(Collection entries)
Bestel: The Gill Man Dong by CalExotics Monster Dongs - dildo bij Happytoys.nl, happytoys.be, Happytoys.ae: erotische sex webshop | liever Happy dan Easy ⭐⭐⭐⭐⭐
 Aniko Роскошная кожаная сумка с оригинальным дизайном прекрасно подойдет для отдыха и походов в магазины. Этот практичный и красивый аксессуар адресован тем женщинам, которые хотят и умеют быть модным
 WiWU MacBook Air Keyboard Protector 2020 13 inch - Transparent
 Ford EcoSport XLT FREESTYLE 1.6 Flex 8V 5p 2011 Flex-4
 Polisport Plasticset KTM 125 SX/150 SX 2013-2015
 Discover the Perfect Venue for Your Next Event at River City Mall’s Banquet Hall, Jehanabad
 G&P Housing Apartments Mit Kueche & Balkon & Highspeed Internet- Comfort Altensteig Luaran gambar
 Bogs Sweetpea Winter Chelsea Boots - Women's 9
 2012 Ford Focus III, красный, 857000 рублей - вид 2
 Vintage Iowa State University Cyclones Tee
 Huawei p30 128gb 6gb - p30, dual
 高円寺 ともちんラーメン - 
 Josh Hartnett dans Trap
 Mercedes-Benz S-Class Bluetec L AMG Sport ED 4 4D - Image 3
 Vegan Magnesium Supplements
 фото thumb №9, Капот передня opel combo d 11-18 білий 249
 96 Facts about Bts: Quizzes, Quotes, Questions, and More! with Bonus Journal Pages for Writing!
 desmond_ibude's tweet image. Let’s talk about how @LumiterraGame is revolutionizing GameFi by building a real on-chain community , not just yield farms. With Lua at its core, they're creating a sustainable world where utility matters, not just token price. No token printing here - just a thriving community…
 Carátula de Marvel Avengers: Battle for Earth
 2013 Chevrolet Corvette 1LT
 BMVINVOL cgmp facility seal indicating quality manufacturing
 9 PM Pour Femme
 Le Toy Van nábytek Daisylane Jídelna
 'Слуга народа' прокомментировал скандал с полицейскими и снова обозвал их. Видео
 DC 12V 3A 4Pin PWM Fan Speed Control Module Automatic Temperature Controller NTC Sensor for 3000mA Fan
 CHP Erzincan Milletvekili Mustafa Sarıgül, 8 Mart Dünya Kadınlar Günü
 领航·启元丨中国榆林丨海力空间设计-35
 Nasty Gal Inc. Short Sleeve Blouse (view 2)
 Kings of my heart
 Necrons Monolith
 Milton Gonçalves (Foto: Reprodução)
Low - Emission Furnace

WORK REQUIRED -> Respond with only the number of lines in the records that include the word "Ford".

REPLY -> 2